Nicole Bacharan (born 25 January 1955) is a French historian and political scientist specializing in American society and French-American relations. She is a researcher with the National Foundation for Political Science (Sciences Po) and was a National Fellow at the Hoover Institution at Stanford University in California from 2013 to 2014.

Famous for her books and her TV appearances and radio broadcasts in France and the United States, she is the author of numerous essays including several bestsellers, "Faut-il avoir peur de l’Amérique ?" (Should We Be Afraid of America?) and "Américains-Arabes, l’affrontement" (Americans-Arabs, The Confrontation). In collaboration with Dominique Simonnet, she also writes novels in the Némo series.

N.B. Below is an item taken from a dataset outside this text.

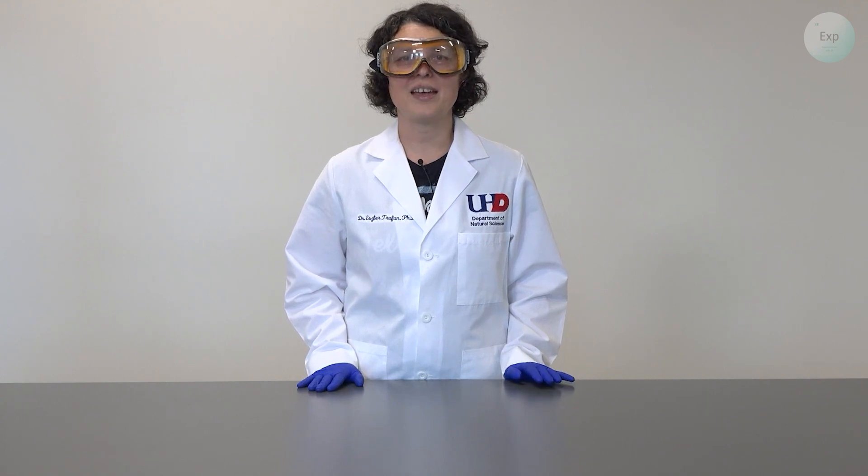Hello, my name is Dr. Esther Trufan and in this video, we're going to observe a gas-forming reaction.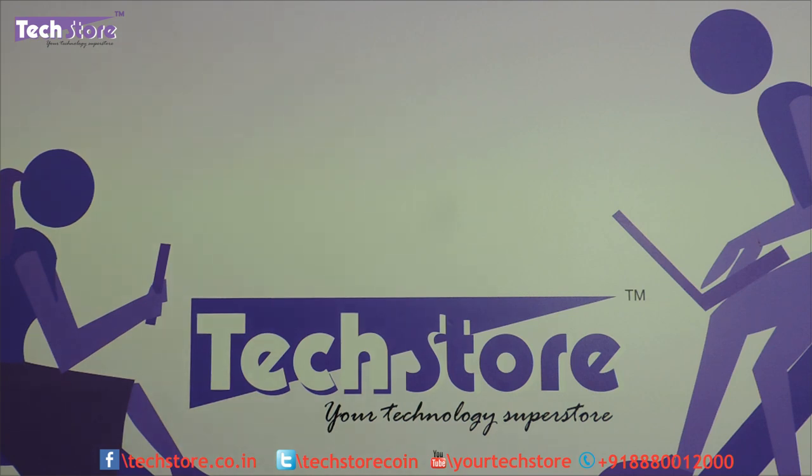Hi friends, this is Andy from TechStore and in this video I am going to be showing you the AU series of HP laptops, which is going to be the successor to the AB series. The AB series used to sit between the NV and the entry-level AC series, so the AU is going to be replacing that — it is somewhere like a semi-premium laptop that HP is going to be launching.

On September 11, 2001, live from the France 2 evening news show hosted by David Pujadas, she left a mark on French television-watchers when she said "Tonight, we are all Americans," a phrase repeated the following day in the newspaper Le Monde.

TV appearances and radio broadcasts 

In France, Nicole Bacharan, nicknamed by The New Economist "Miss America", is a radio contributor for Europe 1 on international politics, questions concerning the United States, and transatlantic relations. She is also a contributor to numerous television programs in France and Europe (TF1, France 2, France 3, TV5, I Television).

In the United States, she has given many interviews on these same topics to The New York Times, The Washington Post or NPR, and  appears on CNN, ABC and other networks.

Speaker 

Nicole Bacharan gives frequent conferences for numerous organizations, including "L'Alliance française", the French American Foundation, "l'Association France-Amérique", "l'Association France-Etats Unis".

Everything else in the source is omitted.